NECCTON Annual Meeting: Copernicus Marine at the Forefront of Integrated Ocean Modelling

Copernicus Marine

NECCTON Annual Meeting: Copernicus Marine at the Forefront of Integrated Ocean Modelling

NECCTON Annual Meeting: Copernicus Marine at the Forefront of Integrated Ocean Modelling 1920 1450 Ocean Decade

The 2025 NECCTON Annual Meeting in Trieste brought together experts to share advances in ecosystem modelling and the use of Copernicus Marine data to address fisheries, pollution, and biodiversity challenges. By promoting model interoperability, NECCTON supports the goals of the United Nations Ocean Decade.

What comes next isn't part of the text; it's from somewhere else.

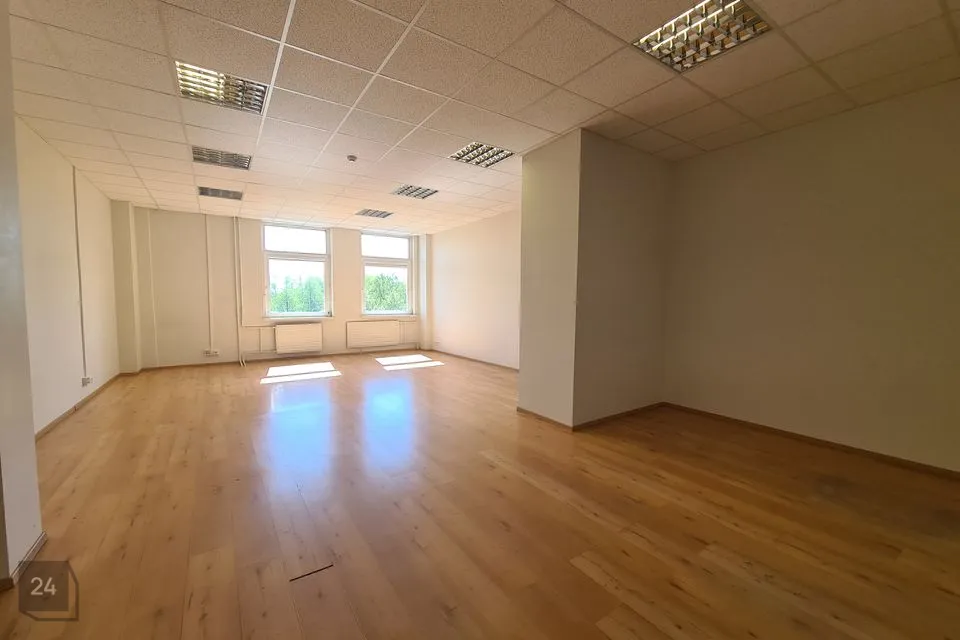 Mitme sihtotstarbega, 67 m² Äripind - Tallinn, Kristiine linnaosa - foto 2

Copernicus Marine and NECCTON: Building the Next Generation of Marine Services

NECCTON, short for New Copernicus Capability for Trophic Ocean Networks, is a Horizon Europe initiative led by the Plymouth Marine Laboratory. The project enhances the Copernicus Marine Service through integrated ecosystem models. Designed to simulate entire marine food webs, from plankton to fish, seabirds, and mammals, these models offer a holistic view of marine ecosystem functioning.

Overview of NECCTON’s approach, which is based on conceptual innovation, methodological innovation, and interlinked frameworks, designed to improve ecosystem representation and support the uptake of Copernicus Marine products. © NECCTON

NECCTON helps develop new products that support informed decision-making in fisheries, aquaculture, and biodiversity conservation.

Highlights from the 2025 NECCTON Annual Meeting

Held in the coastal city of Trieste, Italy, and hosted by the National Institute of Oceanography and Applied Geophysics, the 2025 NECCTON Annual Meeting brought together over 70 participants – scientists and ocean experts – both in person and remotely. The event served as a platform to share results and explore new tools and actions.

Sessions explored the development and connection of marine ecosystem models that simulate the dynamic interactions between species and their environment. Participants also presented use cases addressing climate-driven ocean change, pollution, and human pressures. One case study looked at the future of fish populations in the Arctic and North Atlantic, while another applied NECCTON’s modelling tools to simulate oil spill hazards in the Mediterranean, using historical spill data for validation. These examples demonstrate how physical and biogeochemical data from Copernicus Marine are being transformed into actionable insights for local authorities, conservationists, and fishery managers.

Presented at the 2025 NECCTON Annual Meeting, this use case modelled oil hazard in the Mediterranean Sea and validated their approach using real spill events which happened in the past. © NECCTON

One of the main focuses of the Annual Meeting was the importance of international collaboration. Marine researchers and centres from across Europe spoke on their mutual collaboration and explored how NECCTON tools could be adapted to different regions and environmental contexts. Other discussions highlighted the need for close engagement with local stakeholders to ensure that scientific results translate into actionable results.

NECCTON and the UN Ocean Decade: Global Science for a Sustainable Ocean

By fostering collaboration across research centres in Europe, NECCTON contributes to the goals of the United Nations Decade of Ocean Science for Sustainable Development (2021–2030) (‘Ocean Decade’), a global initiative to generate actionable knowledge for a more sustainable relationship with the ocean. NECCTON has been officially endorsed as a UN Ocean Decade Action for its contribution to Challenge 2: Protect and restore ecosystems and biodiversity, guided by Vision 2030 Working Group 2. Frank Muller-Karger, co-chair of this group, and participant in the NECCTON meeting, remarked on the project’s significance: “You have an incredible group of modellers there. I don’t think I’ve seen such a project in bringing different types of models all together under one group to try to coordinate [common efforts].”

Next Steps: NECCTON and UNOC 2025

With the upcoming Third UN Ocean Conference in Nice (UNOC3), NECCTON serves as a model of how EU-funded research and operational services like Copernicus Marine can converge to deliver reliable, policy-relevant information. By combining scientific excellence with stakeholder engagement, NECCTON is shaping the future of sustainable ocean monitoring and management worldwide.